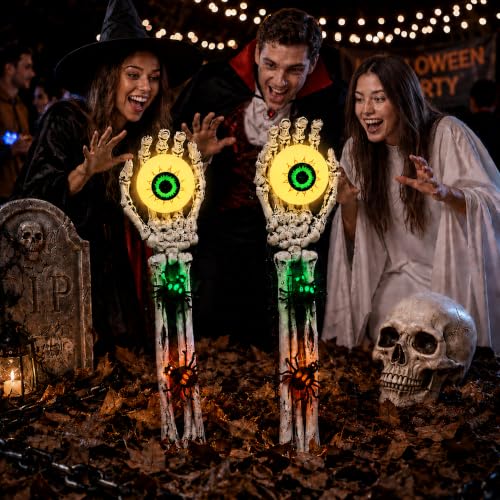 Halloween Skeleton Hands with Eyeball Lights Outdoor Decor - Warm & Green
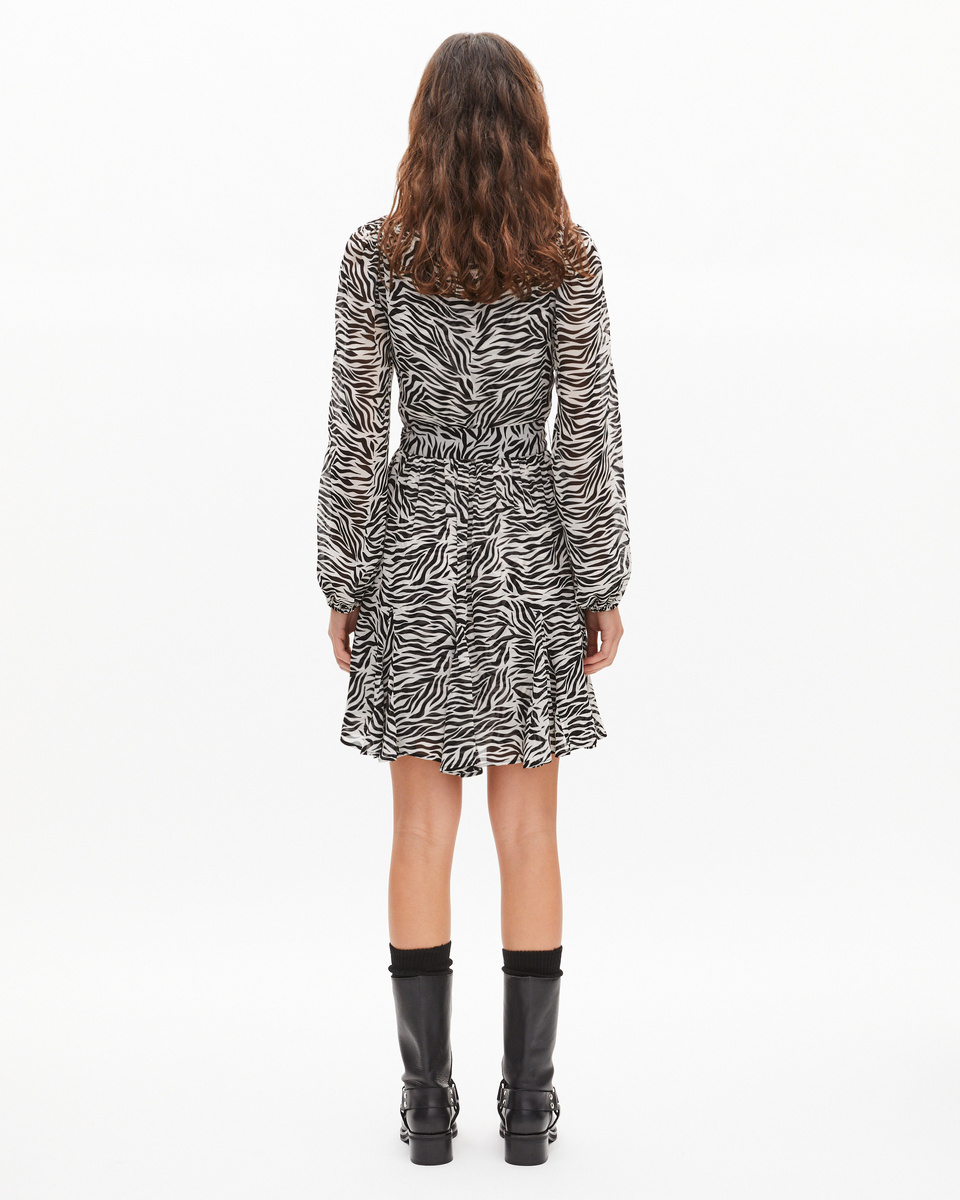 Short zebra print wrap dress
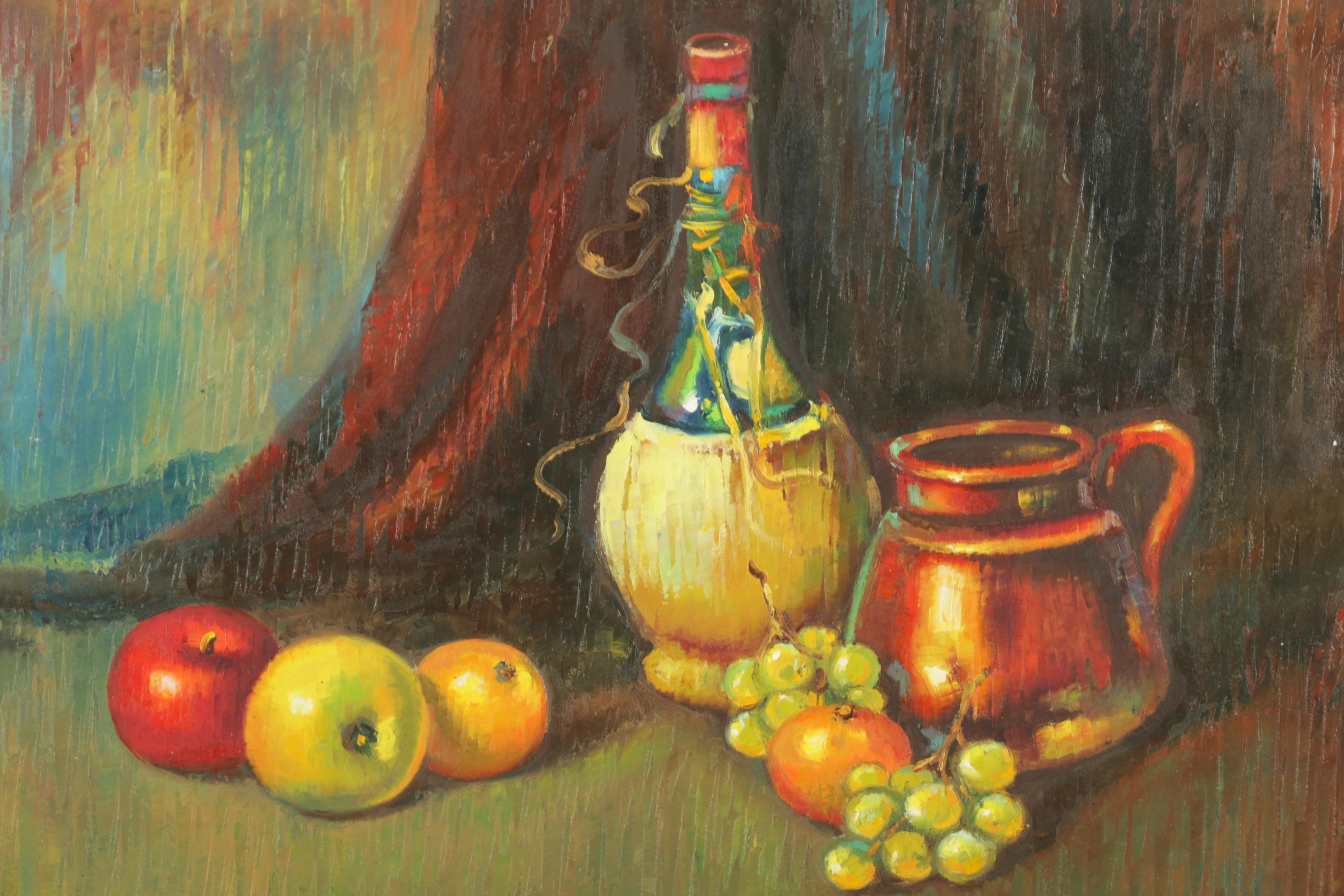 C. John Oil Painting on Canvas of Still Life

*-*-*

Please set down the whole listing above exactly and skip every picture.

» Answer space:
 Halloween Skeleton Hands with Eyeball Lights Outdoor Decor - Warm & Green
 Short zebra print wrap dress
 C. John Oil Painting on Canvas of Still Life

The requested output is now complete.